Superman is counterbalanced by Lex Luthor. Superman uses his incredible strengths for good, while Luthor uses his genius for evil. Here, Gene Hackman plays the criminal mastermind with a gleeful menace. His plot to sink California into the ocean might be as silly as his simpleton cohorts Otis and Ms. Tessmacher, but Hackman is capable of making Luthor into a hilarious maniacal genius. His interactions with the cast are spot on, as well. His witty belittling of Otis and Tessmacher is downright hilarious, and he plays his frustration with their idiocy perfectly. Any problem with the character is mostly conceptual - one wonders why Luthor would surround himself with such bumbling morons and live in a bizarre underground lair filled with traps like machine guns and flame throwers in the walls.

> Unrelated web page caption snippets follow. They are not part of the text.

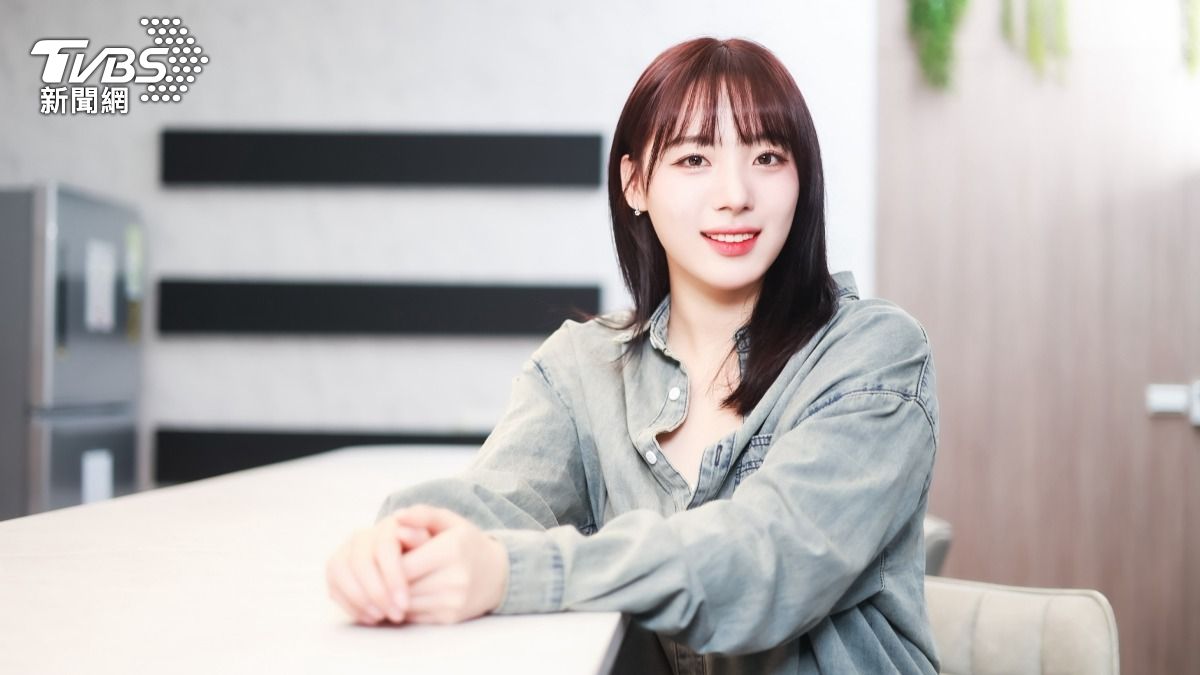 河智媛解扣小露性感。（圖／趙世平攝）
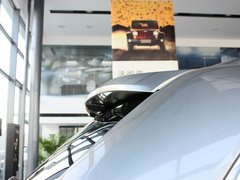 2012款 3.6L 自动 旗舰尊崇版 5座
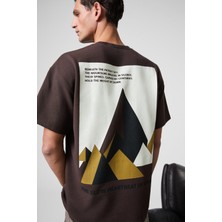 Grimelange MOTI Erkek Göğsü Sırtı Baskılı %100 Organik Pamuk Oversize Fit Bisiklet Yaka Kahverengi T-Shirt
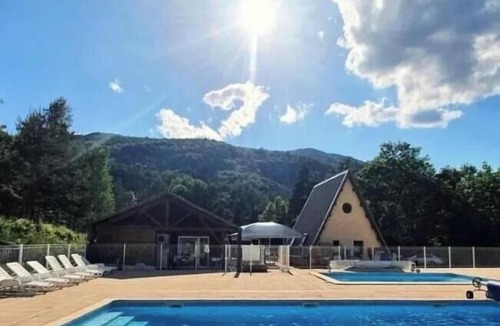 Ubaye-Serre-Poncon House | TENTE TOILEE KIWI 1 to 5 People 5 People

But it all fits with the style of the film, which has a great comedic streak running through it.
I can forgive each and every single minor failing of this film because it has so much else going for it that's just absolutely gold. Donner's direction is zippy and energetic, with fun interactions between the characters and gripping action sequences. The film's special effects are dated, but impressive. For the 2001 director's edition, some of them have been cleaned up a bit. In the original version, because the production used blue screens, the color of Superman's costume veered toward green, but this has been fixed. The sound mix has also been redone from the ground up, with lots of new effects mixed in with the old. The benefit here is that "Superman" has a far better 5.1 surround mix than it has any right to have for a film from 1978. Several new scenes have been inserted as well, including one that reveals the little girl Clark waves to when running faster than a speeding locomotive as a young Lois Lane, and a short sequence where Superman must face several traps on his way into Luthor's underground lair.

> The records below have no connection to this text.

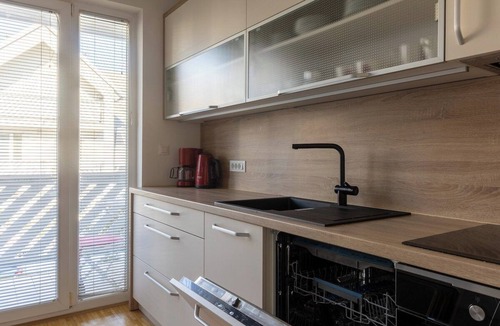 Bled Apartment | Bright apartment with balcony and mountain view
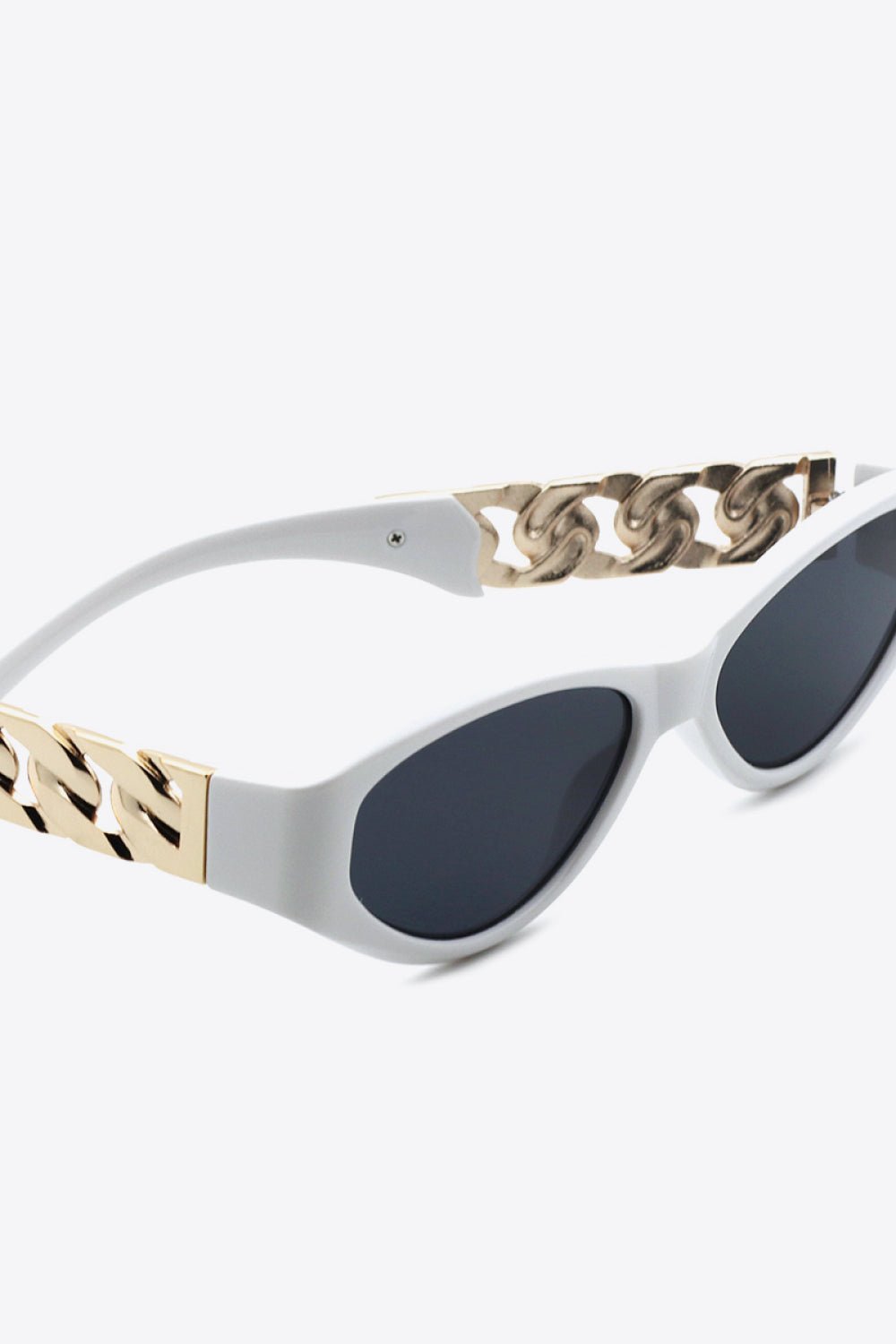 Chain Detail Temple Cat Eye Sunglasses - Loulou Boutique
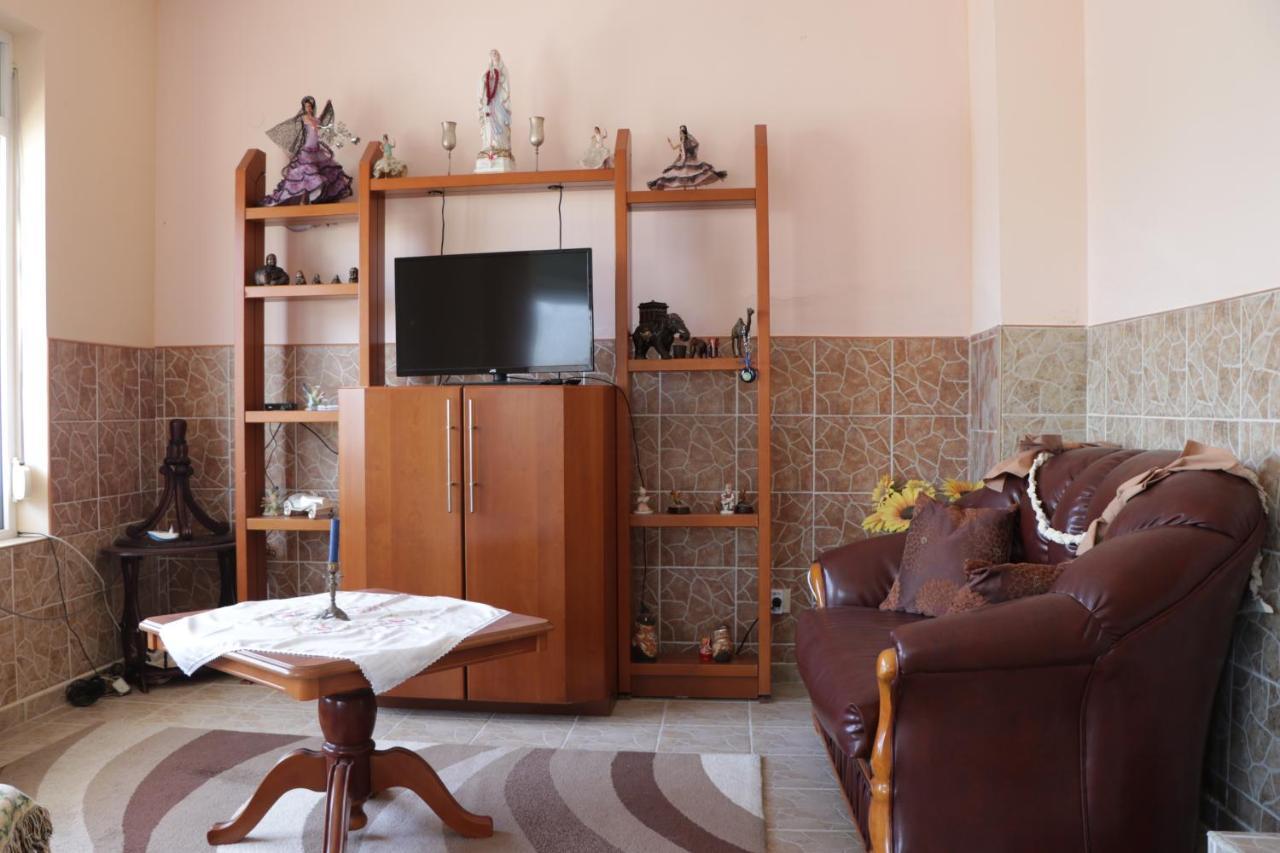 Villa Nora Albena Dış mekan fotoğraf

John Williams' score for "Superman" is classic, nominated for an Oscar and rightly so (it lost to "Midnight Express"). It's one of my favorite scores of all time, too. Its themes are gorgeous, fun to listen to and highly recognizable. It came during the height of the career of the master composer, a decade-long stretch that would see him compose a number of the most highly recognized scores in history such as "Jaws," "Star Wars," "ET," "Raiders of the Lost Ark" and more. The man is absolutely legendary, and his work here was incredible. The score became so inseparable from the franchise that it was reused in the Christopher Reeve sequels, an animated TV series, the "Smallville" TV show and even 2006's "Superman Returns."
This is my film. I love it dearly. Watching it reduces me to a grinning five year old every time. I would kill to see this film projected up on the big screen.